The Willis School was located further away from many students’ houses than their original schools. Some children, including Francisco Maestas’ son, crossed dangerous railroad tracks every day. Officials claimed they lacked language skills, but at least half of the students at the school spoke English. In 1913, Maestas, along with other parents, sued the school board in Maestas v. Shone, and eventually the judge decided in favor of the Mexican American families. However, the decision only allowed English-speaking Mexican Americans to attend closer schools. School boards were still allowed to segregate students based on language ability. The Willis School continued operating until at least the 1930s. Today, no trace of the building remains in Zapata Park.
According to historians Ruben Donato, Gonzalo Guzman, and Jarrod Hanson, this case stands out not only because of its location in the “Hispano homeland,” but also because the Mexican Americans involved rejected their legal white status.
Del Rio, Texas
Seventeen years later, another court case had a similar result. A large portion of Texas’ agriculture is supported by migrant workers who followed crop cycles annually. Their children often had to leave and join various classrooms outside of the regularly scheduled school year. In the town of Del Rio in southwestern Texas, the school district used this “disruption of the classroom” as one reason to segregate Mexican migrant children. Their white migrant peers, however, were not removed from the regular classrooms.
The school district also claimed that Mexican children had special language needs without testing them and attempted to build a separate school for all Mexican American children, but the district was sued in Del Rio ISD v. Salvatierra (1930) before this effort commenced. The Texas Court of Appeals eventually ruled that segregation based on nationality was unconstitutional. However, like in the Maestas decision, segregation based on language ability was permitted. As a result, schools could determine language ability however they wished so that they could continue to segregate Mexican children. Donato, Guzman, and Hanson point out that this was effectively a form of “intentionally, legally sanctioned segregation.”
Orange County, California
In 1948, one case finally succeeded. Soledad Vidaurri took both her children and those of her brother Gonzalo Mendez to register for school in California. Her children were admitted to 17th Street School for their French-sounding name, but their cousins were assigned to Hoover Elementary, designated for Hispanic children. When the Mendezes sued in Mendez v. Westminster, superintendent James Kent argued that Mexican children suffered from a “bilingual handicap” and needed separate schools. However, the Mendezes pointed out that school assignments were based on “the Latinized or Mexican name of the child.” In court, the Mendez children, their peers, and the parents all testified in fluent English. They won their case.

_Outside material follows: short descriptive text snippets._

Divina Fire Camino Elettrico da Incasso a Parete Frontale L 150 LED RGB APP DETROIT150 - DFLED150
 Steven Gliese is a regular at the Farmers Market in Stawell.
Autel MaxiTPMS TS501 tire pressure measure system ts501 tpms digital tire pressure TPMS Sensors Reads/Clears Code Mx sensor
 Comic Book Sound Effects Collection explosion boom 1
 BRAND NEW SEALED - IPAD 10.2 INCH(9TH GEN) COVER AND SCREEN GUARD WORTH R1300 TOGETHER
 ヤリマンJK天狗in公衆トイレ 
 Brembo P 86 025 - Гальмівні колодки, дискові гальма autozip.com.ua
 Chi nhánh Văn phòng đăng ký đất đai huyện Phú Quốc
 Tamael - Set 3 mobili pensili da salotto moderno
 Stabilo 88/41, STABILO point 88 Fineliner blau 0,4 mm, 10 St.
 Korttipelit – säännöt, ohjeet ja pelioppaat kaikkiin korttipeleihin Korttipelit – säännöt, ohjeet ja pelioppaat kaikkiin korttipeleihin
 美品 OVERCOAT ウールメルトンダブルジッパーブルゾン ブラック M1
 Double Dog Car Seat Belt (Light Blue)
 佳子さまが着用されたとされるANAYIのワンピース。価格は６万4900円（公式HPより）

Mendez also directly affected the course of future litigation. First, it pioneered the use of social science in desegregation cases, according to sociologist Jeanne Powers. Expert witnesses used anthropological and sociological research to argue that segregation had negative impacts on Mexican American students. The NAACP noticed this strategy and used it in its own desegregation cases. Additionally, the decision in Mendez led to the desegregation of all California schools under Gov. Earl Warren. Warren would later write the opinion for Brown v. Board of Education as Chief Justice of the Supreme Court.